1. Introduction
It is well established that the information gained by seeing a speaker’s moving face (henceforth ‘visual speech’) benefits speech processing both in quiet and in noise [
1,
2]. In order to understand the nature of this effect, it is important to be able to examine the speech information provided by different types of speech-related movements, and determine the extent to which perceivers can use such information. In this regard, behavioural research has examined the relationship between properties of the auditory signal and different aspects of visual speech (e.g., how the changes in auditory amplitude associated with narrow focus relate to changes in rigid head motion [
3]) and tested whether being presented with such information helps speech perception (e.g., whether seeing rigid head motion facilitates speech perception [
4]).
In general, a visual speech recognition benefit is likely based on two overlapping types of speech information: information about what segments have been uttered, and information about speech timing [
5]. With regard to pinning down the effects perceiving different types of speech information might have, it is more straightforward to investigate the effects of viewing face and head motion other than the speaker’s mouth. This is because the mouth regions provides both speech-segment and speech-timing information, whereas viewing non-mouth face regions (both peri-oral and more distant regions) likely only provides information about the timing of speech [
5]. Evidence for this comes from studies such as Davis and Kim [
3], which showed that viewing the speaker’s moving upper head resulted in a small but reliable improvement in speech intelligibility in noise. Likewise, Cvejic et al. [
6,
7] showed that prosodic contrasts (e.g., narrow focus or questioning) can be distinguished by head motion. The current experiments aimed to further explore the effect that visual speech-timing information has on speech recognition; specifically, to establish whether it is appropriate to attribute any visual influence to a speech rhythm effect.
Many studies have aimed to delineate the effects of speech rhythm on perception by examining auditory speech rhythm. For example, studies have shown that auditory speech rhythm helps listeners perceive speech, especially in difficult listening conditions [
8,
9]. The beneficial effect of speech rhythm likely occurs because it assists the process of segmentation and decoding [
10,
11,
12], and allows a perceiver to predict and attend to when upcoming speech will occur [
11,
13]. When speech rhythm is altered or unfamiliar, speech intelligibility is reduced [
8,
14]. For example, Aubanel et al. [
14] tested speech intelligibility for unaltered rhythm and speech that was retimed to change the regularity of timing between syllable onsets or amplitude envelope peaks.
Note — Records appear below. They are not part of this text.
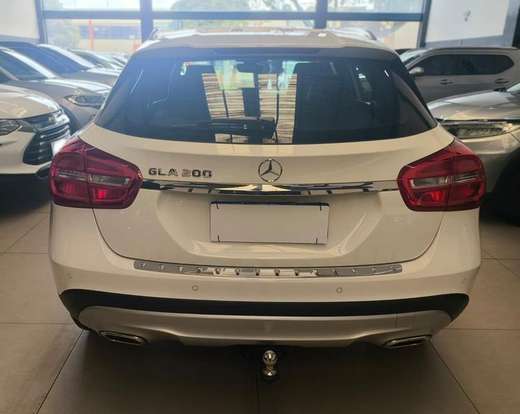 MERCEDES-BENZ-GLA 200-1.6 CGI ENDURO 16V TURBO FLEX 4P AUTOMÁTICO MERCEDES-BENZ-GLA 200-2016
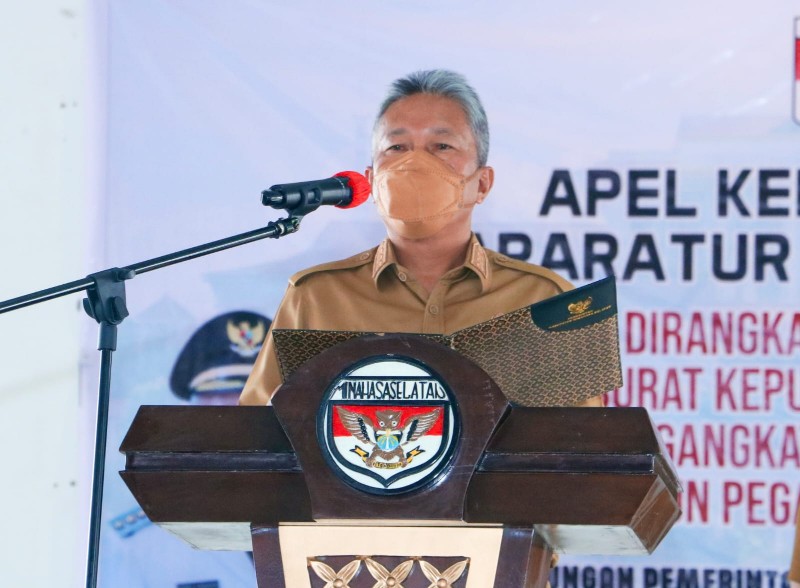 Bupati Minsel Franky Wongkar yang didampingi Wabup Petra Rembang memimpin Apel Kebangsaan ASN bulan April tahun 2022, serta memberikan bantuan kepada warga yang terdampak bencana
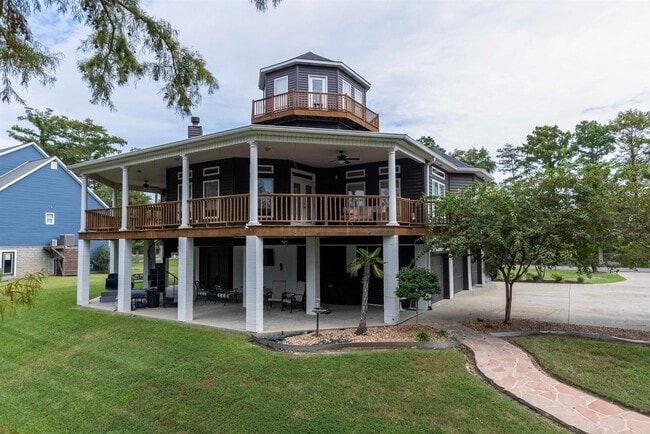 Photo - 5004 Cypress Lake Dr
It was found that any change in timing resulted in reduced speech intelligibility. A similar effect was found by McAuley et al. [
8], who showed that the greater the change in speech timing, the worse the speech recognition in noise. These results suggest that the speech rhythm benefit occurs due to the perceiver’s model of speech rhythm, one that is based on the rhythm characteristics of typically experienced speech.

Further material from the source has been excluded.